EXERCISE GOAL:
Return every record below exactly; leave out the images.
======== PROVIDED MATERIAL
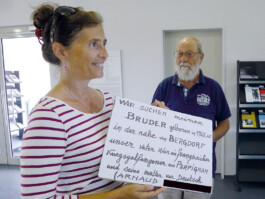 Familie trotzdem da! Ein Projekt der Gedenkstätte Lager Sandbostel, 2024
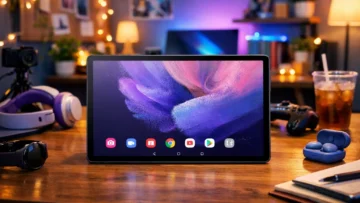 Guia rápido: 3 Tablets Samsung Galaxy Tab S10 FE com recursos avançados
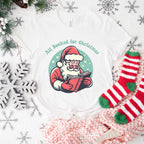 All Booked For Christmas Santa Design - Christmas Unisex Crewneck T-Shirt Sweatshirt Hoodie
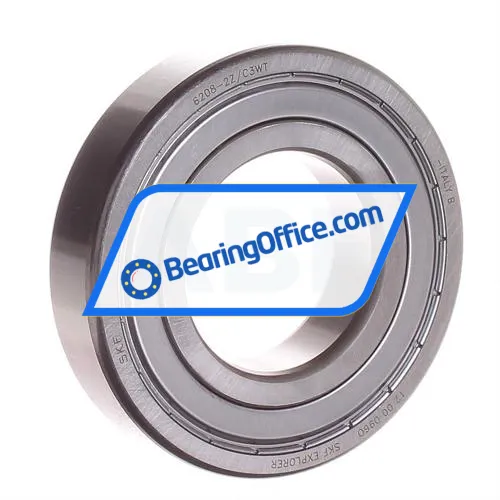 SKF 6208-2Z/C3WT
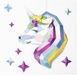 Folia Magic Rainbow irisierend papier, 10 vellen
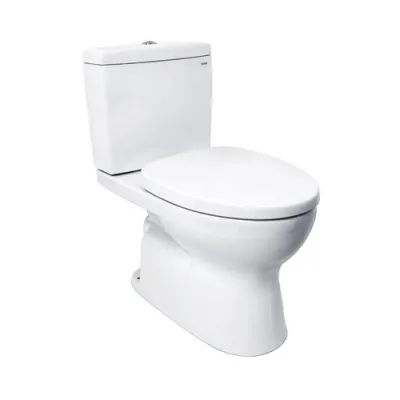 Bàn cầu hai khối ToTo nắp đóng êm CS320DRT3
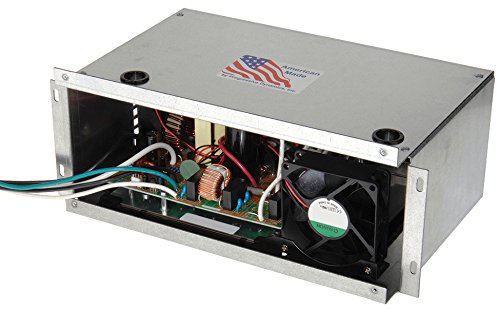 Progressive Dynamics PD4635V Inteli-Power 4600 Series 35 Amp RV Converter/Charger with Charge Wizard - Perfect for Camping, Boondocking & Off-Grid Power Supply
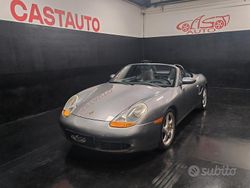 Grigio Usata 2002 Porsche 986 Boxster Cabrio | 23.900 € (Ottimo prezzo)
================
SOLUTION FOR THIS EXERCISE:
 Familie trotzdem da! Ein Projekt der Gedenkstätte Lager Sandbostel, 2024
 Guia rápido: 3 Tablets Samsung Galaxy Tab S10 FE com recursos avançados
 All Booked For Christmas Santa Design - Christmas Unisex Crewneck T-Shirt Sweatshirt Hoodie
 SKF 6208-2Z/C3WT
 Folia Magic Rainbow irisierend papier, 10 vellen
 Bàn cầu hai khối ToTo nắp đóng êm CS320DRT3
 Progressive Dynamics PD4635V Inteli-Power 4600 Series 35 Amp RV Converter/Charger with Charge Wizard - Perfect for Camping, Boondocking & Off-Grid Power Supply
 Grigio Usata 2002 Porsche 986 Boxster Cabrio | 23.900 € (Ottimo prezzo)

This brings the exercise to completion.